If you have an eye for a strong pattern, if you recognise an iconic design, you will know an Orla Kiely piece when you see it. Crammed with colour and deceptively simple, Kiely’s patterns adorn hats and handbags, scarves and record sleeves, a Citroën and a sleek pair of shoes. They feature on John Lewis shelves, in Japanese boutiques and the front cover of the Design Museum’s Fifty Bags that Changed the World – you can’t get much more lauded than that in the fashion world!

The new exhibition at the Dovecot is by no means a straightforward collection of items from an artist’s dusty back room. Care, attention and creativity has gone into the concept of the exhibition, developing organically through various stages, as has Kiely’s internationally famous business. It is a brightly curated show with plenty of space to stand back and admire the larger-than-life-size dresses hanging as if in a massive wardrobe, replicated in a set of miniature stick dolls with names like Agatha and Ivy.

Colour and print are at the centre of both Kiely’s life and success. After being encouraged at her convent school by the art teacher, Kiely won a place at the National College of Art and Design in her native Dublin. After a sojourn in New York where she honed her craft painstakingly mixing precisely the right paint shade, she wanted to learn about knitted textiles and attended the Royal Society for the encouragement of Arts, Manufactures and  Commerce (RSA) in London ”where you can go in with one idea and come out something completely different; where you can find yourself.” In 2011 she became an Honorary OBE and in 2017 was made Senior Fellow of the RSA.

The exhibition is organised by the Fashion & Textile Museum and starts with the Print Library. Panels of natural, especially floral images in a broad palette range from turquoise to olive, and sunshine to the classic orange of the ’60s childhood home. Scarlet discs amidst petals of muted blues bring to mind Dick Bruna‘s Miffy illustrations which were popular with young readers of the late 1960s. A collection of retro design which ‘yearns for certainty in tumultuous times’, as the information panel put it; but look closely and the viewer will also discover an intelligence of design which bears living with on a day-to-day basis. Upended owls fit together nicely, playful juxtapositions of original shapes create something new: a peacock tail of flower stalks, parachutes made from petals, apples with flower cores, and somehow they lend themselves equally to dress fabric as to place mat.

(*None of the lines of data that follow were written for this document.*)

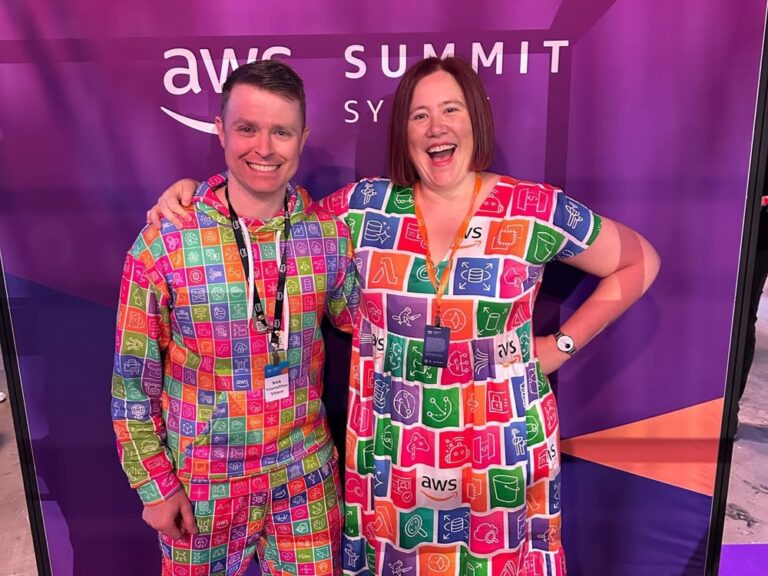 What an amazing day! Thank you to everyone who came along to my Super Session at the @awscloudanz Summit today. My co-speakers Stephen and Adrian did a FANTASTIC job! Other highlights: getting to sit in the @unsw solar car; posing for my long-awaited photo with @xelfer; seeing the packed Community lightning talks; and hosting a gathering of the AWS Heroes, Community Builders, and User Group Leaders. ❤️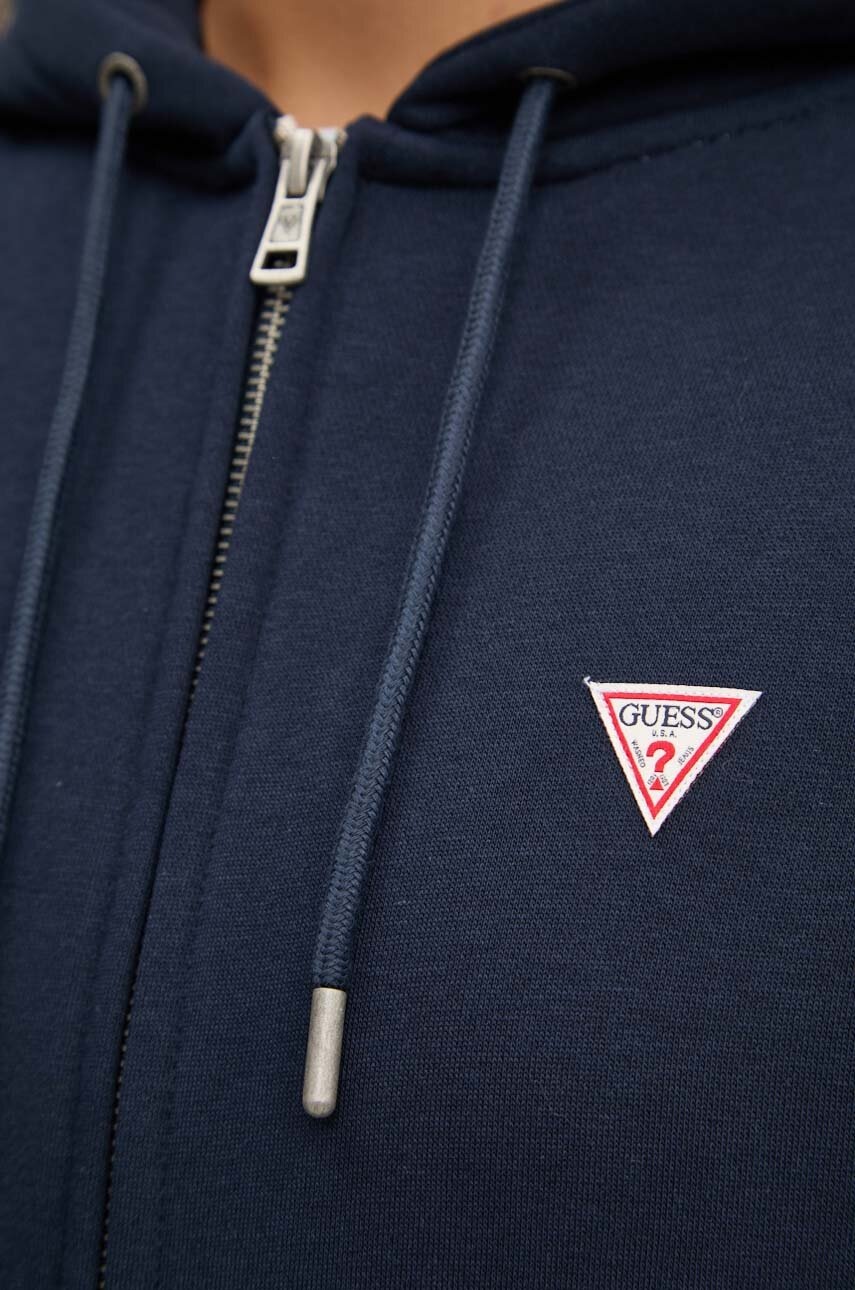 Μπλούζα Guess Jeans χρώμα: ναυτικό μπλε, με κουκούλα, W4YQ03 KC811 φωτογραφία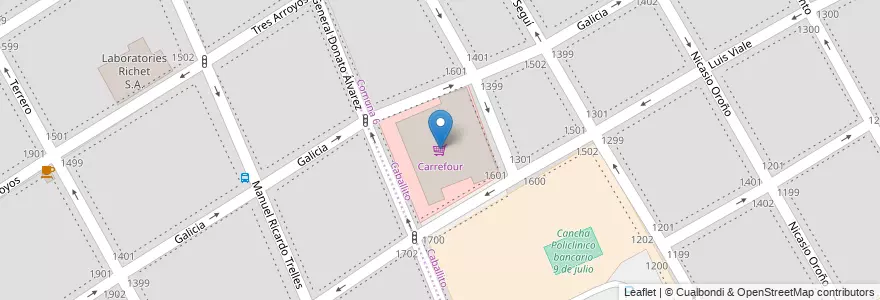 Mapa de ubicacion de Carrefour, Caballito en آرژانتین, Ciudad Autónoma De Buenos Aires, Buenos Aires, Comuna 6.
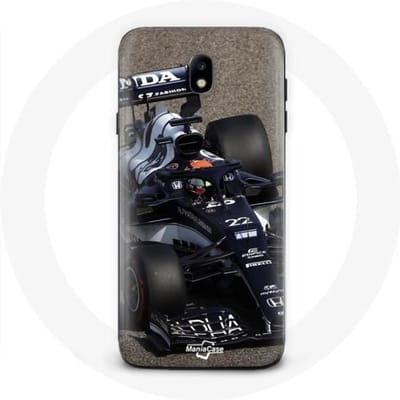 Samsung Galaxy J3 2017 Hoesje Formule 1 Yuki Tsunoda F1 Racing Driver Blauw blauw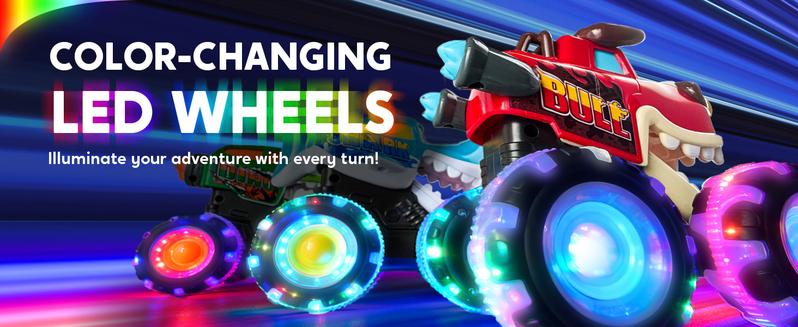 JOYIN Toys for Kids 3 Pack Monster Truck Toy, Motion Activated Light-Up Cars, Press & Go Cars for Boys Girls, Christmas Gifts for Kids Baby Toy Present Dinosaur Carrier Truck,MONSTER TRUCK SET Valentine's Day Gifts for Kids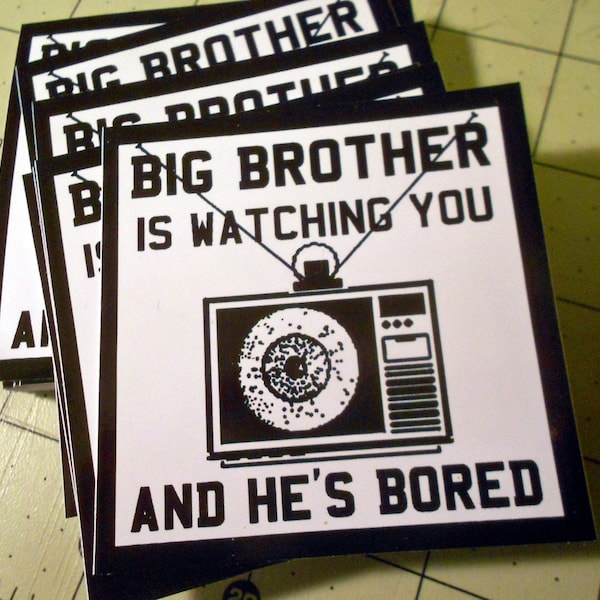 Vinyl Sticker - (small) Big Brother Is Watching You And He's Bored TV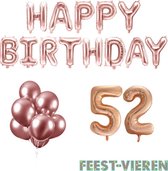 52 jaar Verjaardag Versiering Ballon Pakket Rosé Goud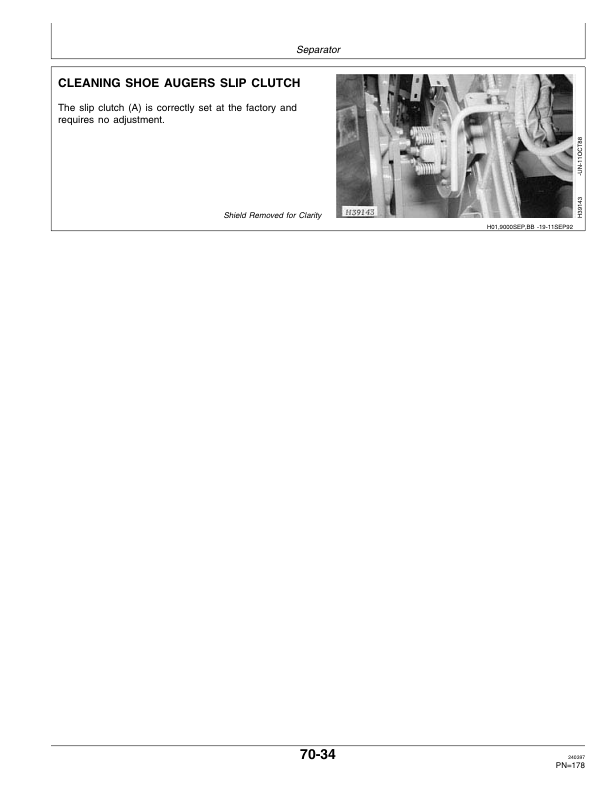John Deere 9400, 9500, 9600 Combines Operator’s Manual (OMH161694) Workshop Guide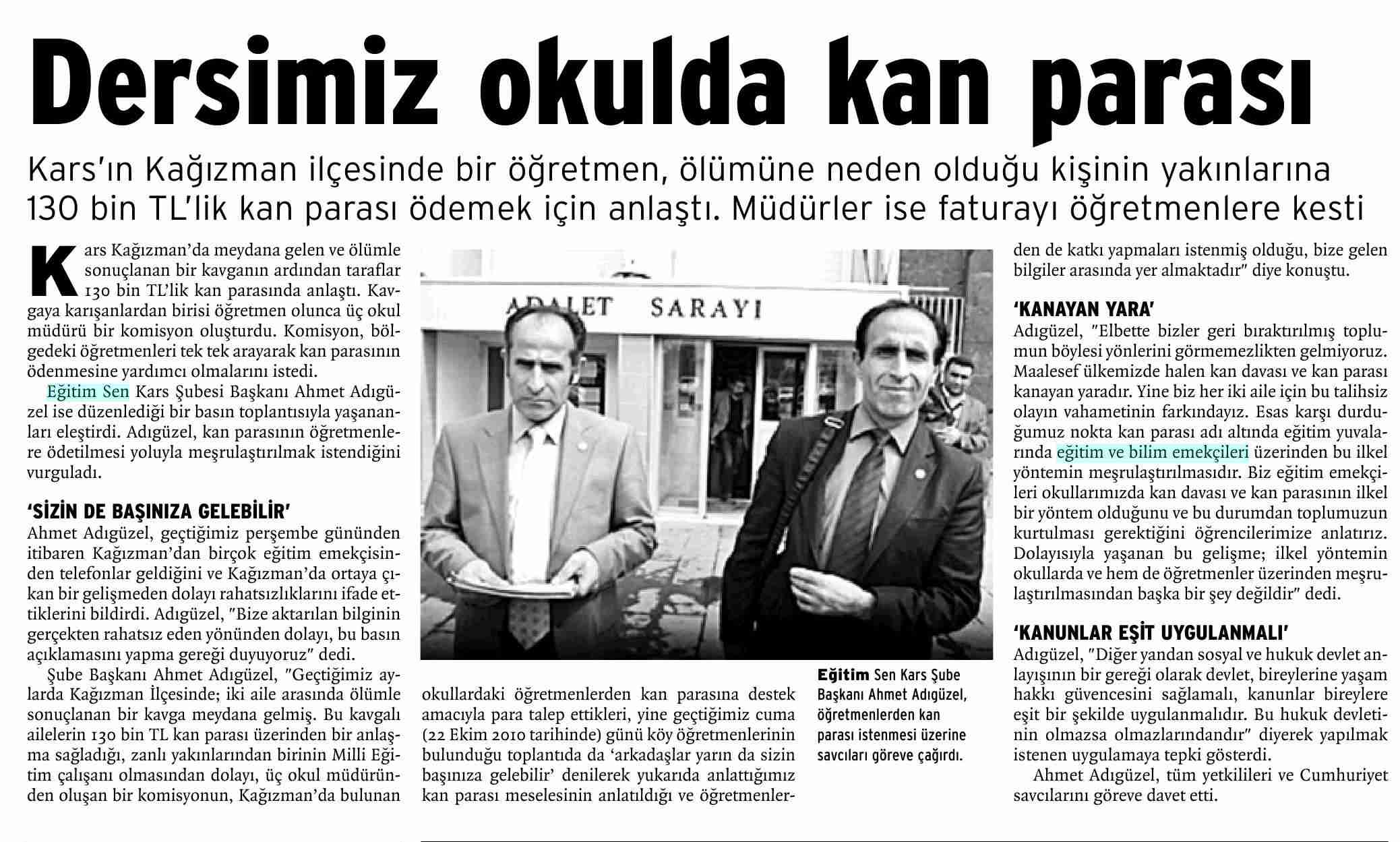 Dersimiz Okulda Kan Parası - Birgün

Around the corner is the Wall of Bags and opposite this a set of V&A clothes stands inspired by the mid to late decades of the 20th century. Glorious auburn zigzags, organza baby blue collar, and a raincoat made of the ubiquitous PVC (or tablecloth material). There is also a dated looking bathing costume to die for!

Like many artists, Orla Kiely represents herself within and through her work rather than through words in the exhibition. Let the vibrancy and clarity of colour speak for her, and allow the focus and precision with which she has built her signature and brand do the talking.